With pictures omitted, the line containing "Eéngezinswoning nabij centum Izegem" and all later lines of the records below are to be restated word for word.

[Data]:
*** Begin section ***

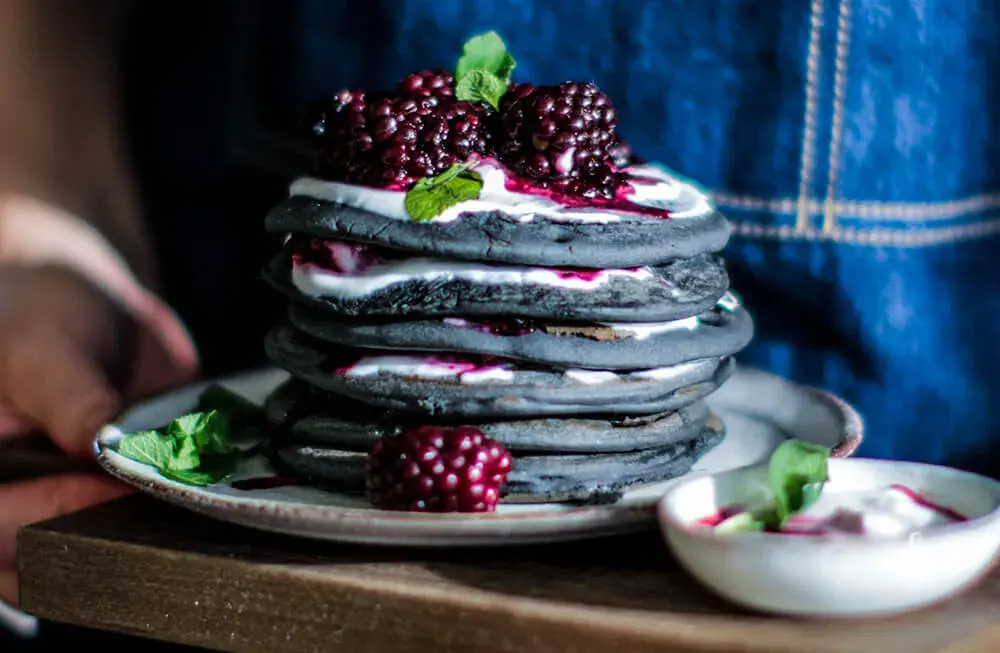 activated charcoal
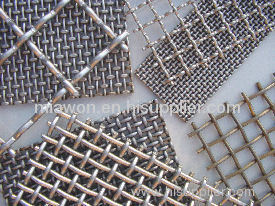 Pure Titanium Wire Cloth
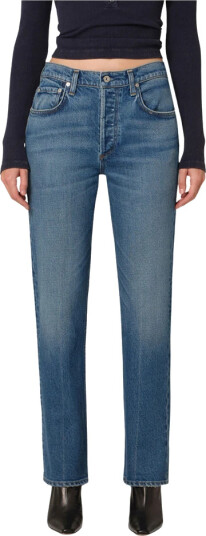 Citizens of Humanity Dame Jeans Blå W25,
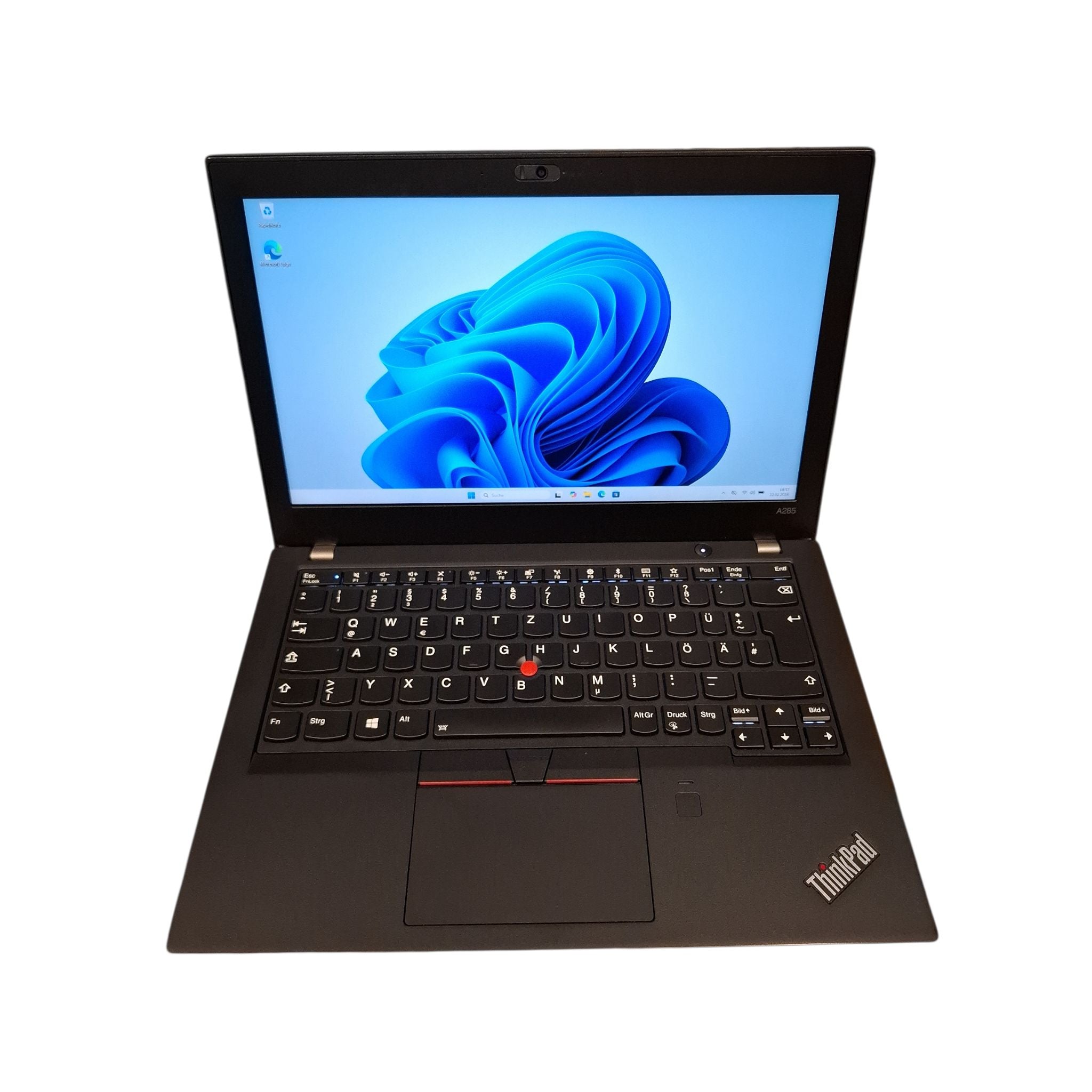 Lenovo ThinkPad A285 12,5 Zoll FHD AMD Ryzen 5 Pro 8GB RAM 256GB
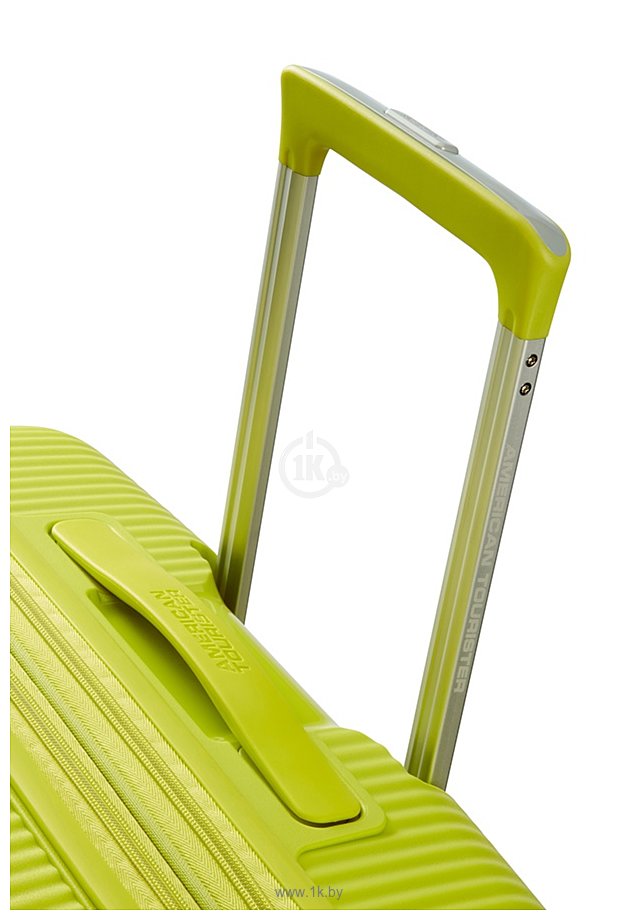 Фотографии American Tourister Soundbox Tropical Lime 67 см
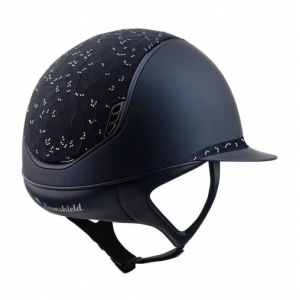 Samshield Miss Shield 2.0 Shadowmat Crystal Leaf Helmet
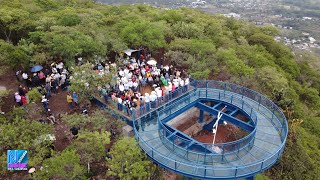 Inauguración del Mirador de Cristal en Huajuapan de león [upl. by Everett]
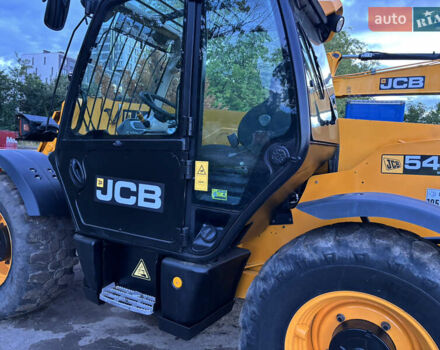 ЖЦБ 541-70, об'ємом двигуна 0 л та пробігом 7 тис. км за 38543 $, фото 20 на Automoto.ua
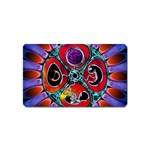 Conception Mandala Magnet (Name Card)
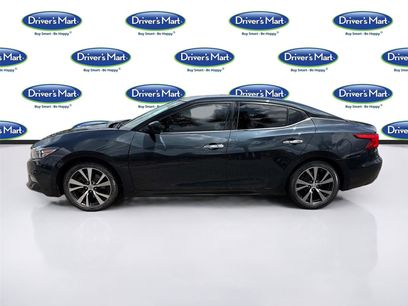 Used 2018 Nissan Maxima SR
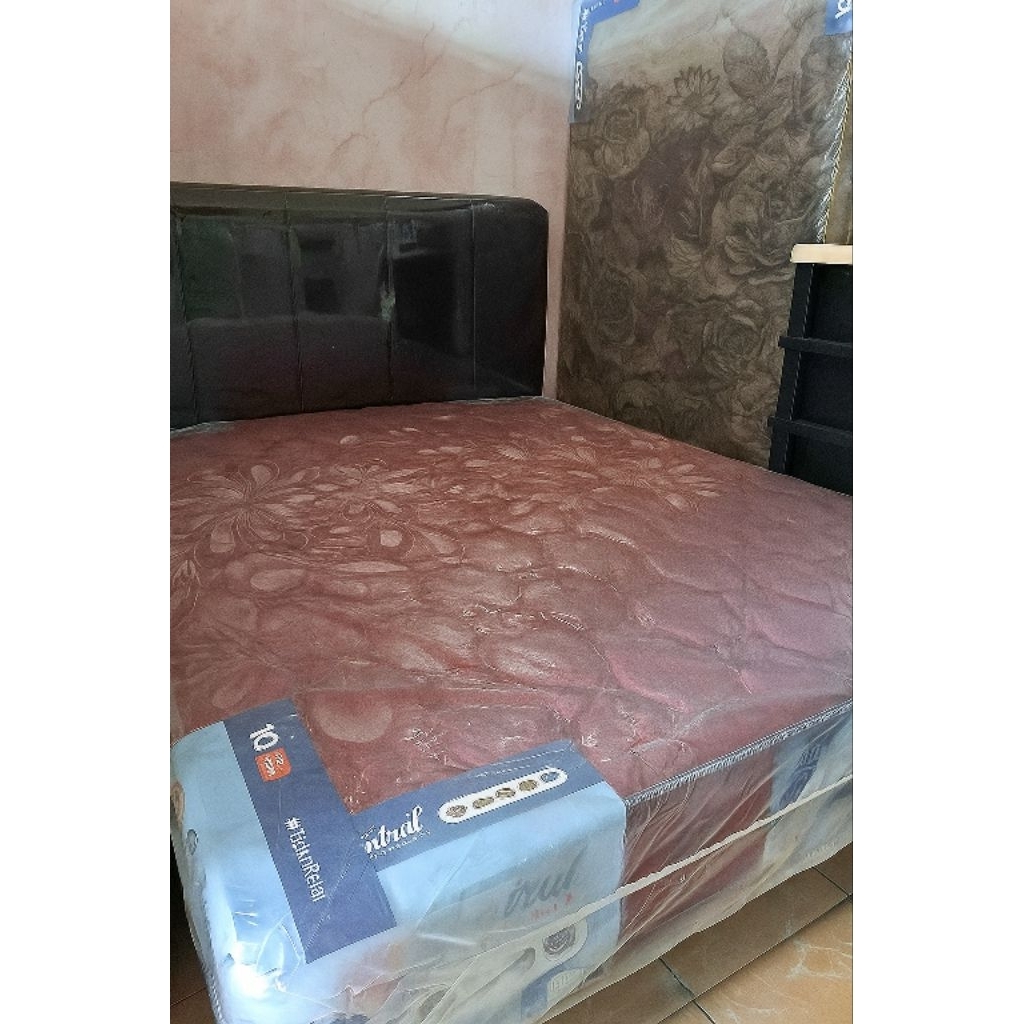 Springbed Set Central 160x200
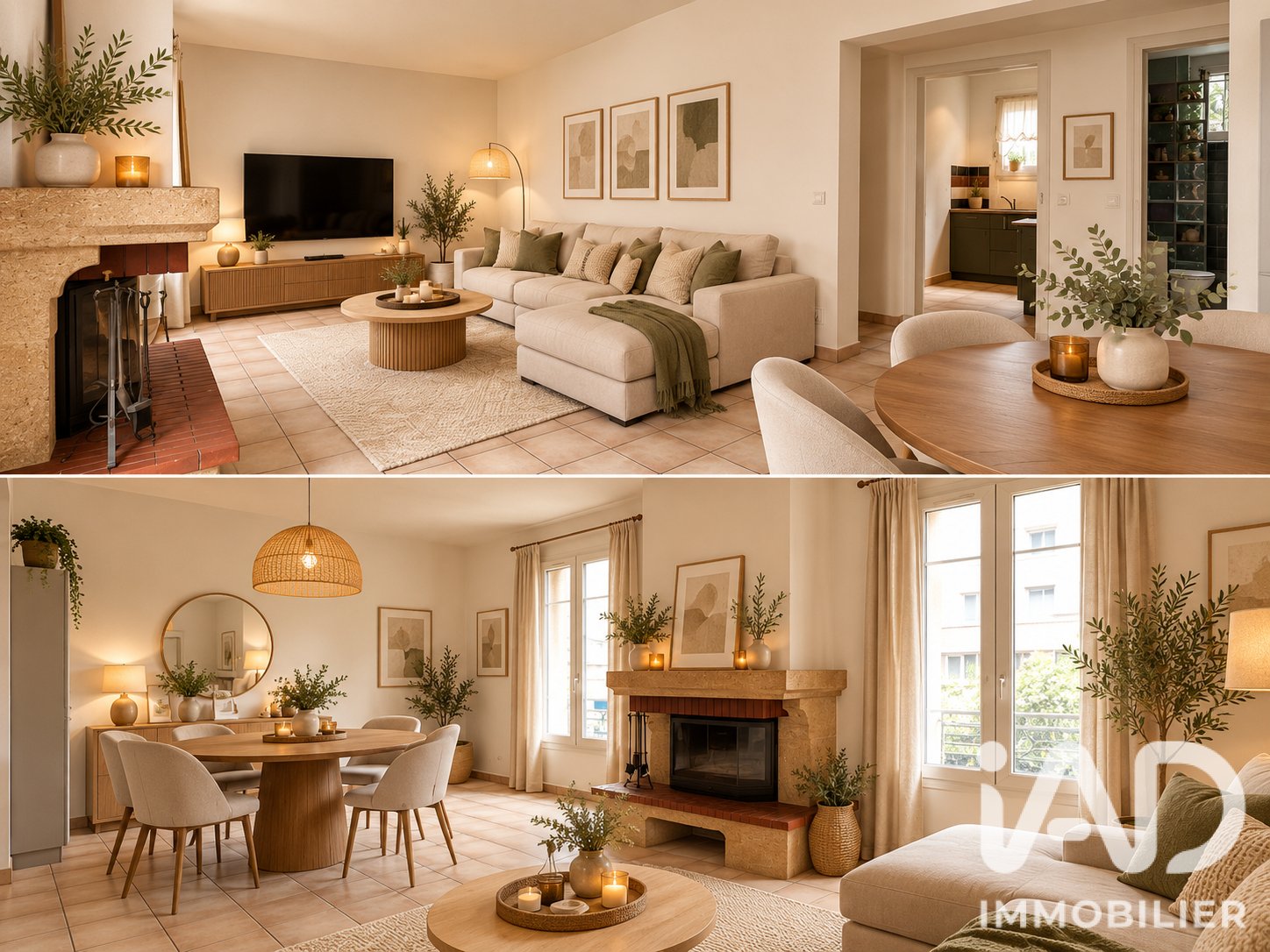 Appartement à vendre, 52m², Vitry-sur-Seine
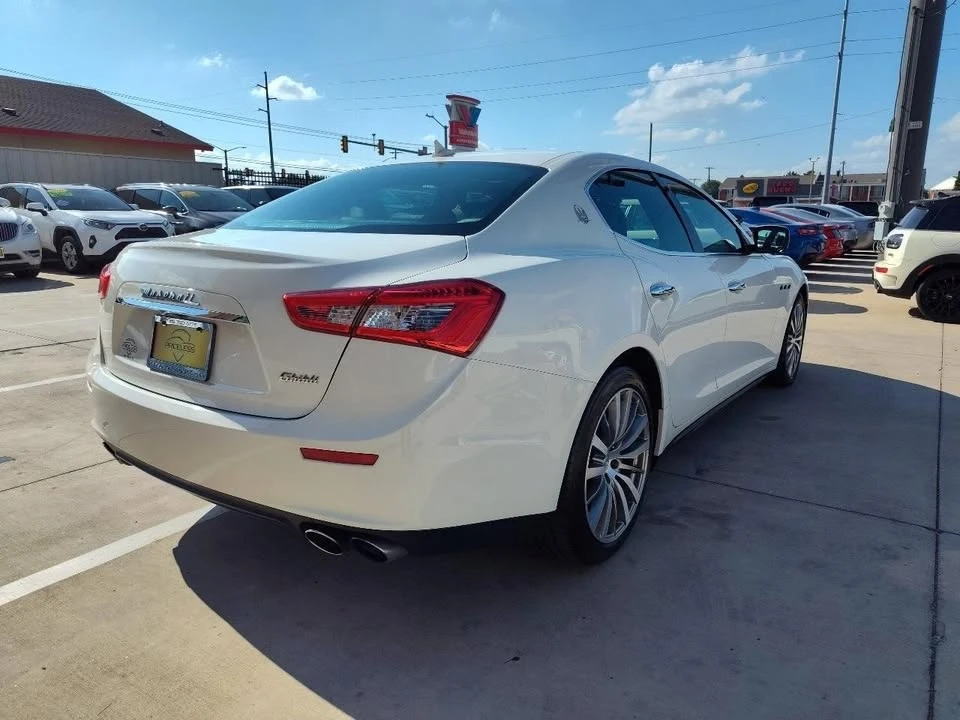 2016 Maserati Ghibli 3rd Gen - Image 4 of 20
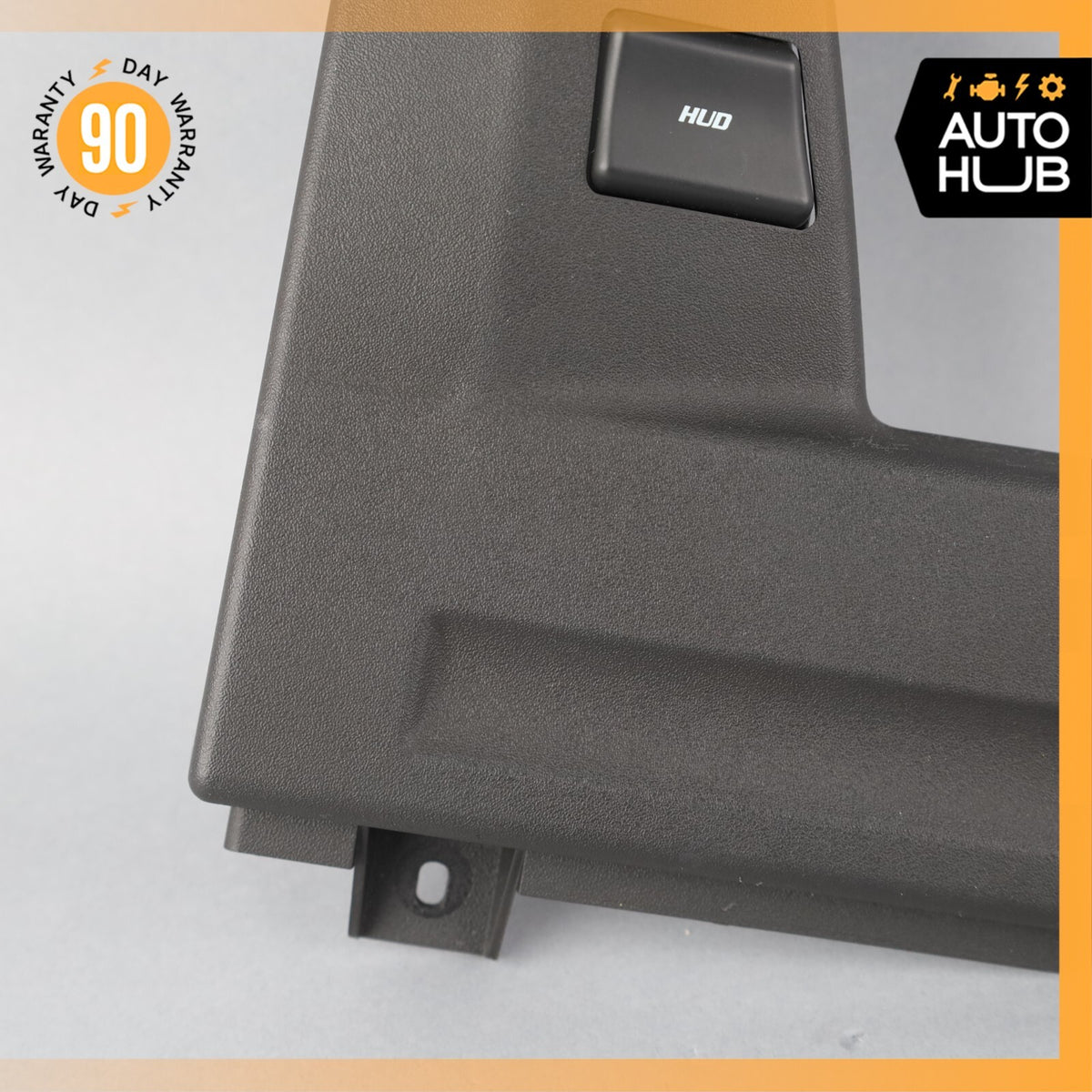 04-09 Cadillac XLR Head Up Display Switch Button 10314145 OEM - photo 4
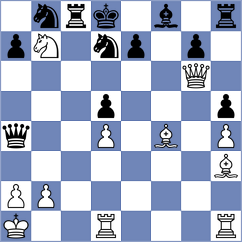 Gelman - Hilwerda (Chess.com INT, 2020)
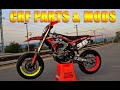 Inside Racing CRF 450 Supermoto | Parts & Mods Breakdown
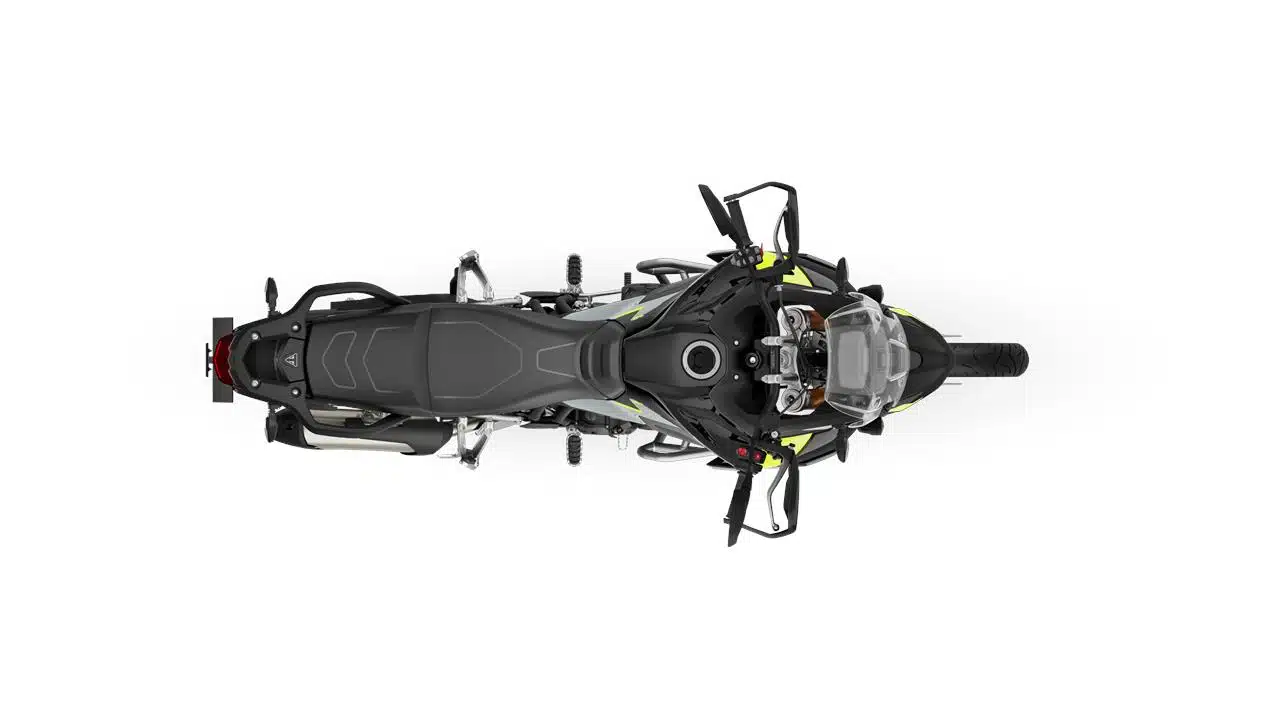 Triumph Motorcycles - Nuove colorazioni gamma 2026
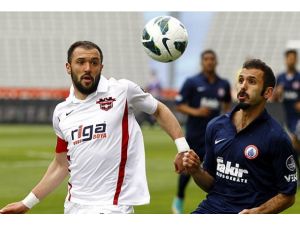 Gaziantepspor nefes aldı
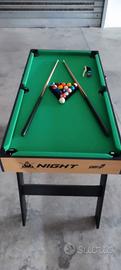 Biliardo 6 buche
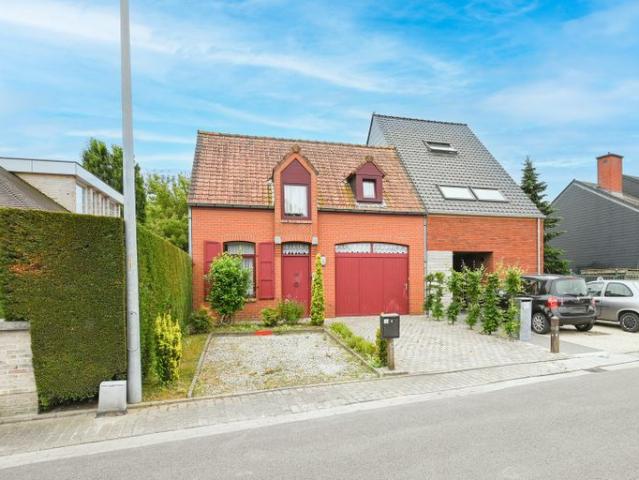 Eéngezinswoning nabij centum Izegem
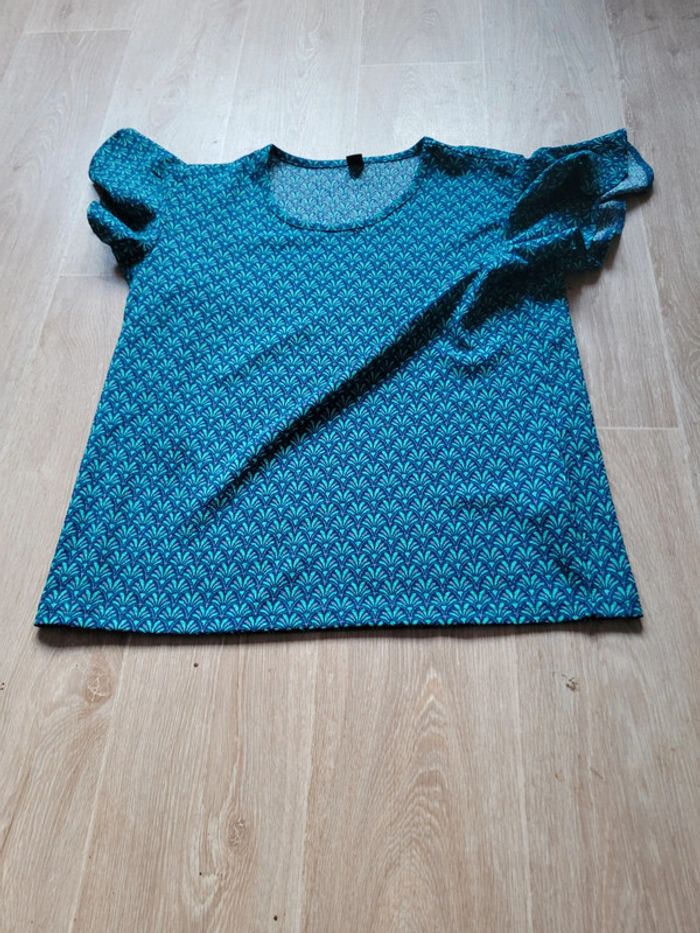 Tee-shirt manches courtes - photo numéro 5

*** End section ***

[Response box]:
 Eéngezinswoning nabij centum Izegem
 Tee-shirt manches courtes - photo numéro 5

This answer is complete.